一方、甲第1号証によると、「本考案は極めて耐久性、安全性、防水性及び作業性に優れたマンホール用足掛装置に係り」(同明細書1頁14、15行)との記載が、さらに「挿通部の周りにはシール材が巻付けられているので.これによってステップ取付部の漏水を防止することが出来、」(同5頁10?12行)との記載があり、防水性を確保するためにシール材を設けることが記載されている。

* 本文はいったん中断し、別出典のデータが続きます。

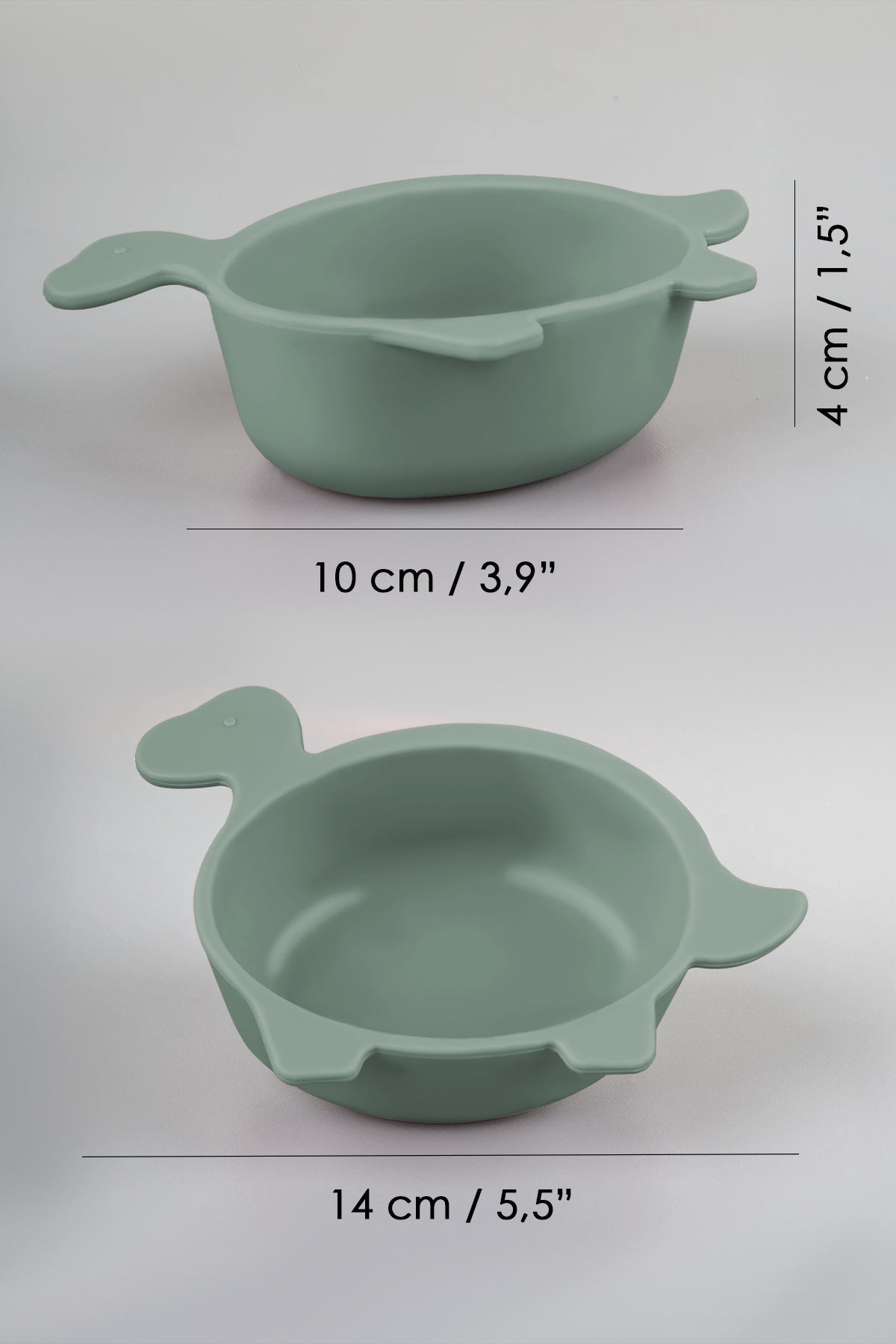 Meleni Baby 3'lü Hayvan Figürlü Silikon Bebek Mama Kasesi Seti - Şekilli Bebek Beslenme Kasesi Yeşil fotoğrafı 7 (önizleme)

してみると、甲第1号証に記載された課題と同じ課題である防水性をより高めるために、甲第1号証に示されているシール材に代えて、適用されている直接の技術分野は異なるものの、甲第4号証において同様の課題解決のために開示されているテーパー状の受部とテーパー付き筒状パッキン等の構成を採用し、本件考案におけるように構成するようなことは、特にその適用を阻害する要因もないことから、当業者であれば格別の困難性を伴うことなく、きわめて容易になし得た程度のことである。

3 相違点3について
甲第1号証の、特に第2,3図によると、ナット11の座金と凹所9の底壁との間にシール材10を介在しているものの、ナット11の座金が凹所9の底壁に直接圧接しているかどうか明確でなく、第4図のものにおいても、「座金が受面に圧接するように締め付け固定してなる」との点に関し、必ずしも明示の記載はされていない。

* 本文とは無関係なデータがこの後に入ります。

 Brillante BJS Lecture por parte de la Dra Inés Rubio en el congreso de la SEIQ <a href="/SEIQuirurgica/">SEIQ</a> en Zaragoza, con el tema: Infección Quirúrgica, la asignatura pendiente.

しかし、この種の足掛部材において、その取り付けに際し、足掛部材には作業員が手足を掛けてその全体重をのせることから強固に取り付ける必要があり、又、防水性を確保するためには当然テーパー付き筒状パッキングを圧入する必要があり(甲第1号証によると、「ステップの挿通部の元部にはストッパーが設けられているのでこれによってステップをコンクリート筒体に正しい深さ位置で固定することが出来、挿通部の周りにはシール材が巻付けられているので、これによってステップ取付部の漏水を防止することが出来、」[同5頁7?12行]との記載がある。)、これらの点を考慮すると、甲第1号証の第4図記載のものにおいて、ストッパー5、シール材10、座金、ナットによりコンクリート管6の周壁を挟み込むように、換言すればナットの座金が凹所9の底壁(外向き受面)にシール材10を圧入する状態のもとに、圧接するように締め付け固定することが当然のこととして必要であり、このようなことは、この種の分野における技術常識からすれば当然に考慮すべき技術事項であると認められる。

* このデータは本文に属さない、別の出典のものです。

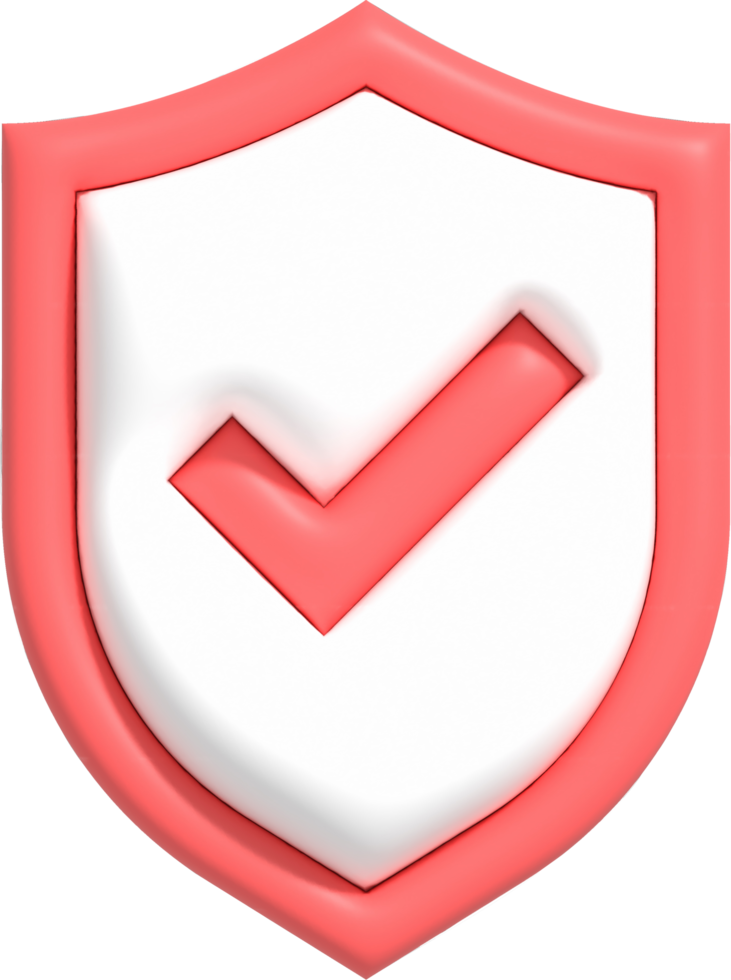 icono de escudo de protección, escudo de seguridad con marca de verificación en el interior, seguridad e ilustración 3d garantizada png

この点に関連して、甲第3号証の第2図を検討すると、マンホール構築用側塊の壁面の内外を環状突部とナット、ワッシャで挟持して、圧接するように締め付け固定する点が開示されているものと認められる。
又、甲第4号証によると、「第1図に示すように、ケーブル8の外周に嵌合されたパッキン4をナット5で圧縮することにより水密構造を得ている」(同明細書1頁17?20行)との記載がされている。
してみると、甲第1号証に開示されているものにおいて、特に「座金が受面に圧接するように」締め付け固定するようなことは、上記技術常識からすれば当然考慮すべき技術事項であり、このように構成するようなことは、当業者であれば格別の困難性を伴うことなく、きわめて容易になし得た程度のことである。

4 まとめ
そして、全体として本件考案によってもたらされる効果も、甲第1、3及び4号証の各号証に記載された事項及び上記技術常識から当業者であれば予測することができる程度のものであって、格別なものとはいえない。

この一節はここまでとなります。